Doppelter Krisenmodus

Von Sarah RaparoliLex Kleren

Erwachsenwerden inmitten von Pandemie, Krieg und Inflation. Wie geht es den Jugendlichen inmitten von zahlreichen Krisen und was sagt die Forschung? Das Lëtzebuerger Journal hat nachgefragt.

"Trotz einer Erholung seit Corona hat sich die Zufriedenheit seit 2018 insbesondere bei jungen Menschen verschlechtert", so lautete die Bilanz einer Studie mit neuem Zahlenmaterial des nationalen Statistikbüros Statec. Der Jugend geht es nicht gut, dies bestätigen auch die Forscherinnen Dr. Carolina Catunda und Dr. Caroline Residori von der Universität Luxemburg. Beide betreiben Kinder- und Jugendforschung und haben an wegweisenden Studien – sowohl bei HBSC-Befragungen (Health Behaviour in School-Aged Children) als auch bei der Jugendumfrage (Youth Survey)  – mitgewirkt und forschen ebenfalls in den Bereichen Substanzkonsum und Auswirkungen der Corona-Pandemie auf Kinder und Jugendliche.

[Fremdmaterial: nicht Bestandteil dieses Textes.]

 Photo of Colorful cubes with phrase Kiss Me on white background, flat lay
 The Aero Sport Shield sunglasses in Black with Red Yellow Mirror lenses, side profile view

Wie geht es den jungen Menschen, wenn man sich das gesammelte Zahlenmaterial ansieht? "Wenn wir die Bevölkerung als Ganzes betrachten, sehen wir, dass es den Menschen recht gut", erklärt Carolina Catunda. "Wenn wir jedoch anfangen, bestimmte Gruppen zu betrachten und mit anderen vergleichen, z.B. Mädchen gegenüber Jungen oder Familien, die über mehr oder weniger finanzielle Mittel verfügen, verändert sich das Bild." Allgemein ist die Differenz zwischen Jungen und Mädchen in den letzten Jahren immer größer geworden. So heißt es im Bericht Gesundheit von Schülerinnen und Schülern in Luxemburg, einem Teil der HSBC-Umfragen, die alle vier Jahre durchgeführt werden. "Insgesamt 36 Prozent der Schüler bewerten ihre Gesundheit als ausgezeichnet, 49 Prozent bewerten sie als gut (beides in 2022, d. Red.). Die große Mehrheit der Schüler gibt auch an, mit dem Leben zufrieden zu sein, wobei Mädchen sowie Schüler aus Familien mit niedrigem Wohlstand eine niedrigere Lebenszufriedenheit angeben als Jungen beziehungsweise Schüler aus Familien mit hohem Wohlstand. Von 2006 bis 2022 ist die Lebenszufriedenheit stabil auf einem hohen Niveau geblieben." Ein Rückgang sei nur bei Mädchen zwischen 2018 und 2022 zu beobachten.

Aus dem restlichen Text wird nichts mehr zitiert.